SUPPLIED INFORMATION –

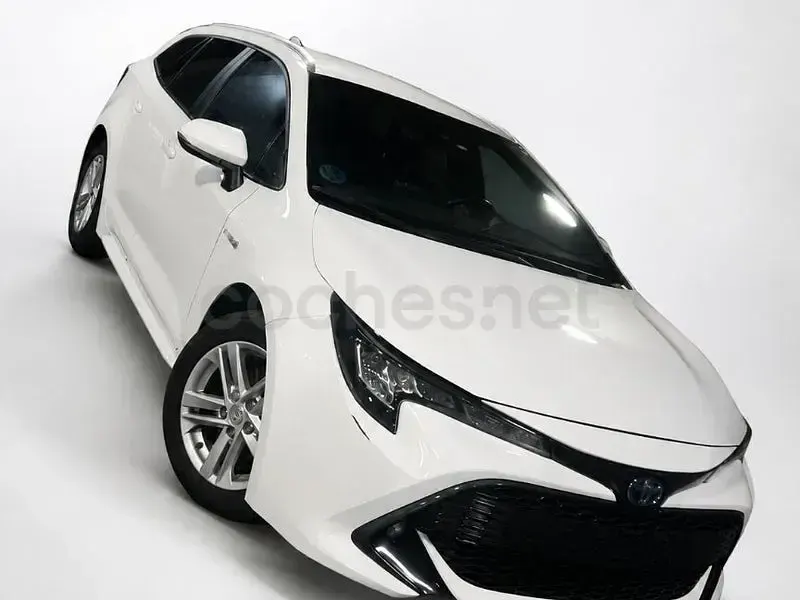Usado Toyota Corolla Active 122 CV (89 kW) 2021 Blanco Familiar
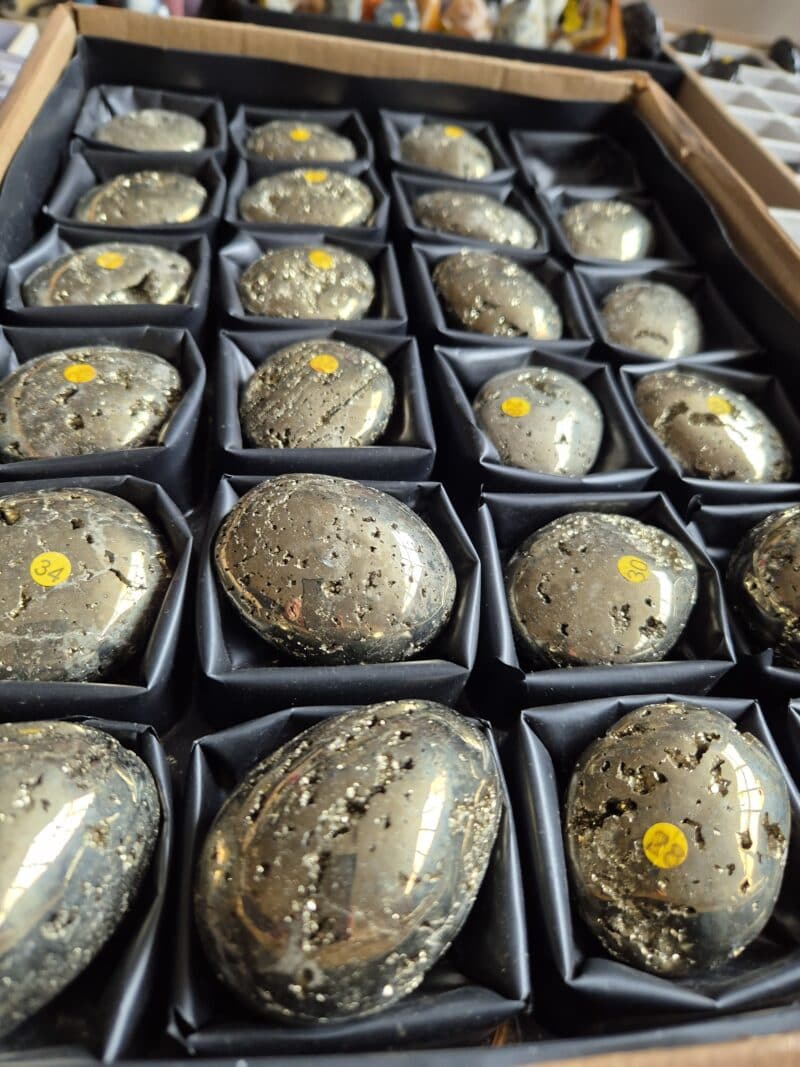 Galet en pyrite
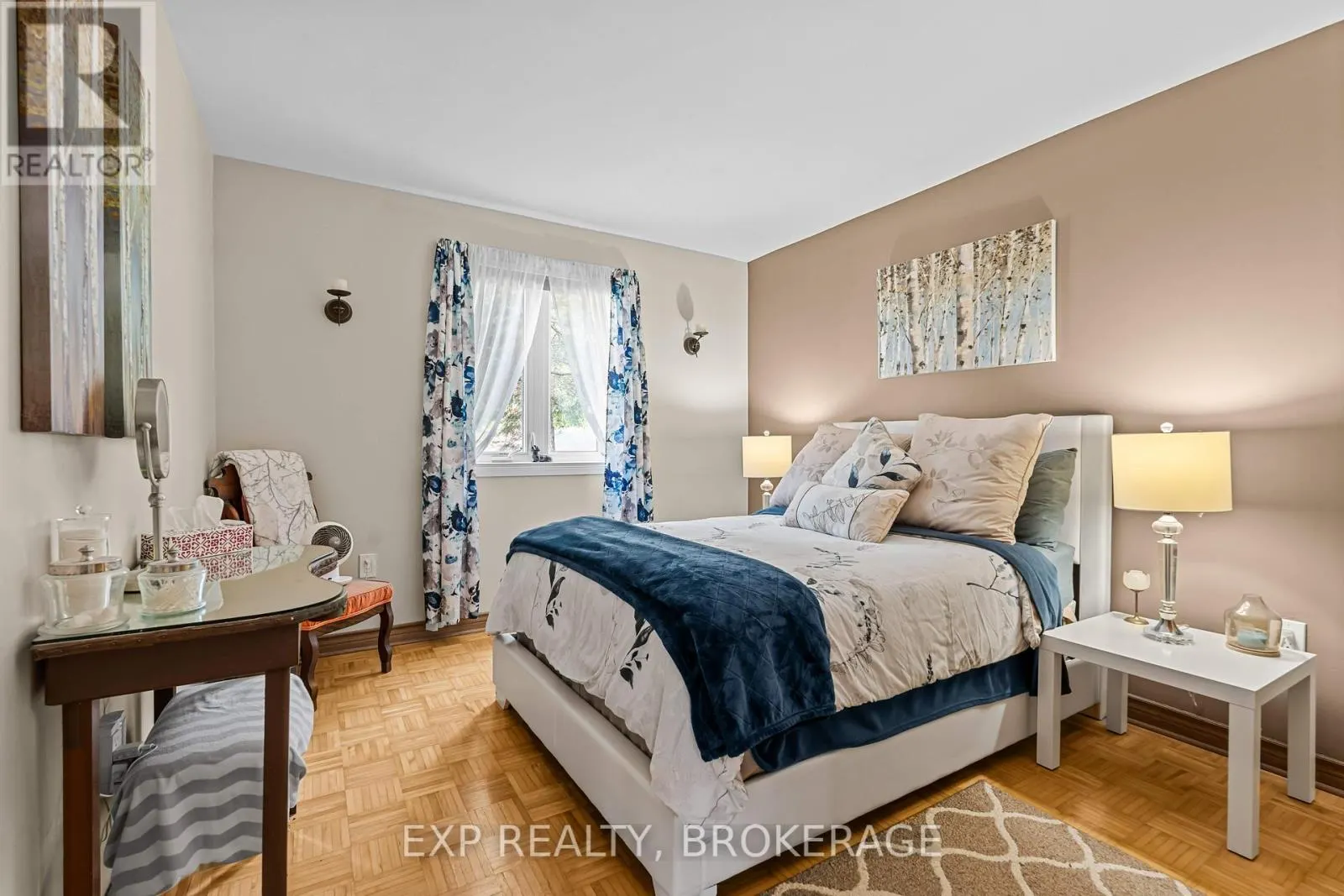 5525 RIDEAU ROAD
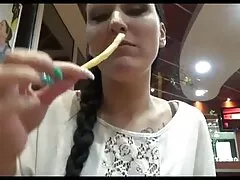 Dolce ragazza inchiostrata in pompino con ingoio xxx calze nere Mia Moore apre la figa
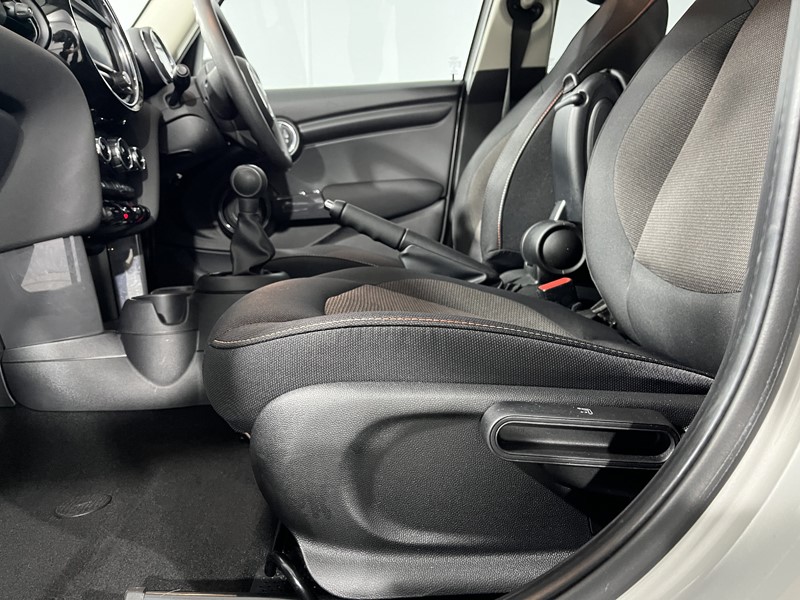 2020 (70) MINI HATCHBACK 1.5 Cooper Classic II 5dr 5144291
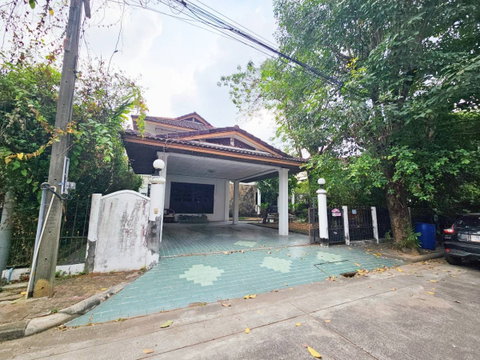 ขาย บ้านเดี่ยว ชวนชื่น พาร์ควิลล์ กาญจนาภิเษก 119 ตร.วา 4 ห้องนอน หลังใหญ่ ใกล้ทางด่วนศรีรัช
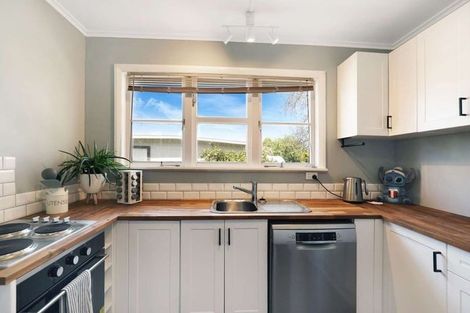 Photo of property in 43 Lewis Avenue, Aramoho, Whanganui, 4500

YOUR GOAL –
Everything in the entries except the images must be copied exactly.

SOLUTION –
Usado Toyota Corolla Active 122 CV (89 kW) 2021 Blanco Familiar
 Galet en pyrite
 5525 RIDEAU ROAD
 Dolce ragazza inchiostrata in pompino con ingoio xxx calze nere Mia Moore apre la figa
 2020 (70) MINI HATCHBACK 1.5 Cooper Classic II 5dr 5144291
 ขาย บ้านเดี่ยว ชวนชื่น พาร์ควิลล์ กาญจนาภิเษก 119 ตร.วา 4 ห้องนอน หลังใหญ่ ใกล้ทางด่วนศรีรัช
 Photo of property in 43 Lewis Avenue, Aramoho, Whanganui, 4500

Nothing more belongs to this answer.